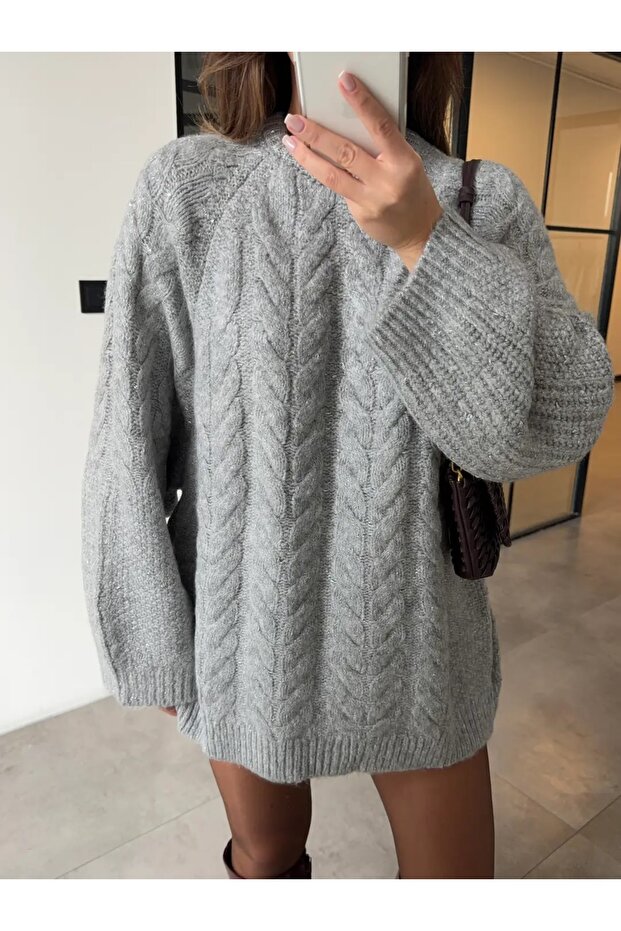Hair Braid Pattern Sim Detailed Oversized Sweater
──────
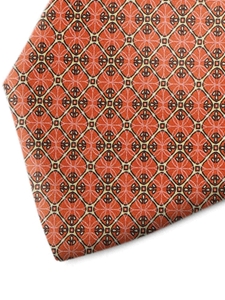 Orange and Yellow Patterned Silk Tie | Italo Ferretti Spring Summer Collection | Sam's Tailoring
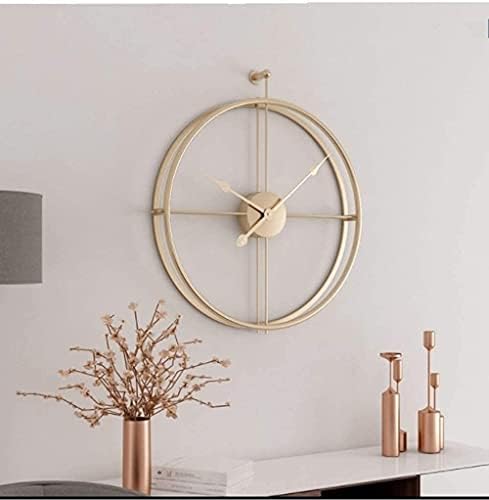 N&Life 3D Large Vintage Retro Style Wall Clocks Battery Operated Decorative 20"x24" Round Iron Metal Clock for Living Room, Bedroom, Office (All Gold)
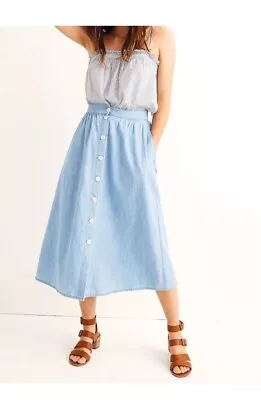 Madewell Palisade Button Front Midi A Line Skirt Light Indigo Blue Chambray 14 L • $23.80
──────
- **Problem statement**:
In the data above, find the line with "N&Life 3D Large" and the line with "Madewell Palisade Button". Please copy exactly those two lines and every line between them, but not the pictures.

- **Task response**:
 N&Life 3D Large Vintage Retro Style Wall Clocks Battery Operated Decorative 20"x24" Round Iron Metal Clock for Living Room, Bedroom, Office (All Gold)
 Madewell Palisade Button Front Midi A Line Skirt Light Indigo Blue Chambray 14 L • $23.80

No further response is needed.